Welcome to the relaunch of The Roost, the Thoreau Farm Trust blog begun by Wen Stephenson earlier this year. Wen, an accomplished writer and journalist, agreed to conduct a series of interviews for Thoreau Farm to launch our site, and we are grateful for his wonderful work and for the many visitors who enjoyed it and left comments. We have archived Wen’s series here so you can read them at your leisure should you have missed them earlier. Please take a look!

We at Thoreau Farm hope you will be able to visit the birth house, where you can step into the room where Henry was born, have a picnic on the expansive grounds, and learn more about the influence Thoreau has had on people around the world. But until you can come by, we hope you will continue to enjoy The Roost, which seeks to promote Thoreau Farm as a “Birthplace of Ideas” to explore ways of “living deliberately,” whoever and wherever we are.

In coming months, The Roost will be hosted and written by Sandy Stott. Sandy, chair of the English Department at Concord Academy, teaches a course called “Thoreau and Kindreds.” A hiker, outdoorsman, and writer, he was also editor of the journal Appalachia from 1990 to 1999. 

Sandy’s posts will include his own musings on living life in Thoreauvian spirit, reports on what is happening at Thoreau Farm, and invitations for you to submit your own thoughts on how you interpret Thoreau’s admonition to “live deliberately.” We welcome your response!

 

Summer Walk

by Sandy Stott

I

t seems right that before climbing to this roost to proclaim anything, or to ask questions, I should go for a walk; perhaps along the way, I’ll see something or hear the keening whistle of our local redtail. After a walk I should have something to say. After all the man who inspired the preservation of his birthplace, who lived in such close contact with his “one life at a time,” walked daily as a way to be in and of the world. And Henry Thoreau brought back reports from those walks, reports of a precision and depth that amounted to poetry, even as he wrote most of them in prose.

A walk, as Thoreau tells us at the outset of his essay “Walking,” is no simple expenditure of time and foot-power. Famously, Thoreau sets criteria that can only be met by a walker ready to cast himself or herself fully into the experience:

 We go forth on the shortest walk, perchance, in the spirit of undying adventure, never to return —  prepared to send back our embalmed hearts only as relics to our desolate kingdoms. If you are ready to leave father and mother, and brother and sister, and wife and child and friends, and never see them again, settled all your affairs, and are a free man, then you are ready for a walk.

The redtail actually is keening outside. If I leave my door, turn right on Main Street here in Concord, turn right again and cross the Sudbury River, and then turn right once more, I will reach the former railroad grade that runs for a mile beside the Assabet River on its way to confluence with the Sudbury, where they become the Concord River.

Perhaps, if you’ve read this far, you too should straighten your affairs, leave a note and go for a walk. We can compare notes when (if) we return.
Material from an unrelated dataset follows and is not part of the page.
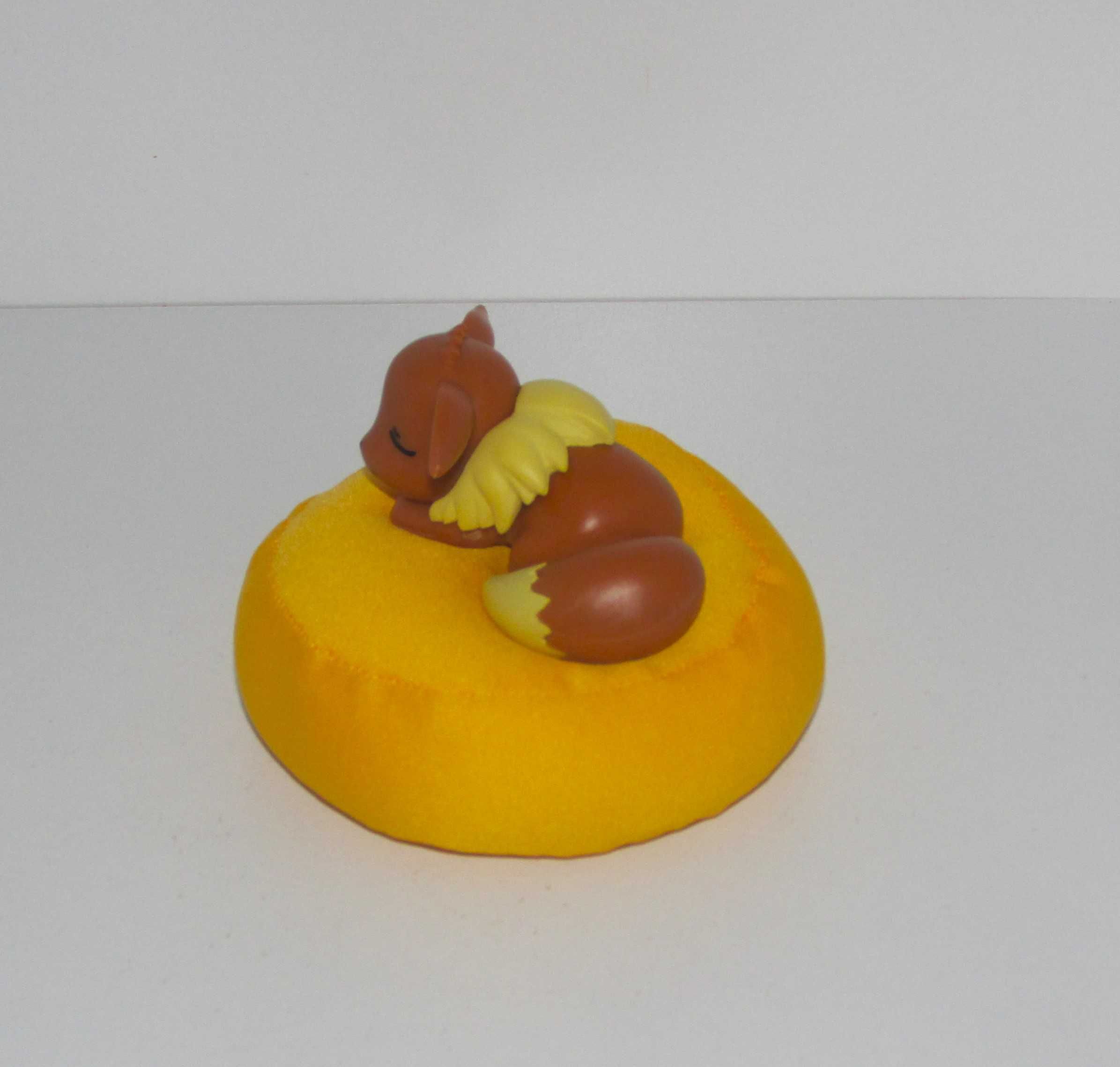 Pokémon Eevee com Almofadinha "Amarelo Mostarda"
The air has grown thick with the coming rain, and the sky is a sullen gray; yesterday’s clear, photographic air that gave every leaf an edge is gone. The mosquitoes and deer flies have returned to patrol the path by the summer-shrunken river. Does this sound promising?

And yet it is. Trees – white pines and oaks – I’ve not seen in the weeks I’ve been away in Maine are stolidly there, a few looking outsized beyond my memory, especially the white pine on the spur trail up from the river. It is a favorite tree, its single trunk rising a hundred feet in the air, its girth requiring three of us to form a hand-touching ring around it. Today, I settle for a solitary embrace of its bark-rough side. A decent year for acorns, I think, as I walk on scuffing a few into flight – good for the squirrels, who are good for the hawks.

A half-mile farther on I come upon two redtails that have trapped a gray squirrel on a tree with no escape hole. One hawk has the upper branches of the tree with their possible links to other trees covered, while the other hawk has the ground. The squirrel in a dance of anxiety runs up then down repeatedly, though as the hawks shrink the distance between them, the squirrel’s running room grows shorter too. Finally, from close range, the upper hawk drops and the squirrel leaps out hoping, it seems, to hit the ground and run off. But the lower hawk reads the arc of flight and settles to the ground, where it meets the squirrel and catches it.

That is the first time I’ve seen hawks hunt in tandem instead of being a single blade dropping from the air. I hope the squirrel had settled his affairs.

What I take from life’s uncertainty is the need to live it fully. Just steps ahead there are hawks, or perhaps a new flower, or the fox I met one day as each of us turned this trail’s corner absentmindedly and suddenly found only a few feet between us. There is no such thing as a routine walk if you are fully alive and alert, fully committed to it.

And you? What happened on your walk?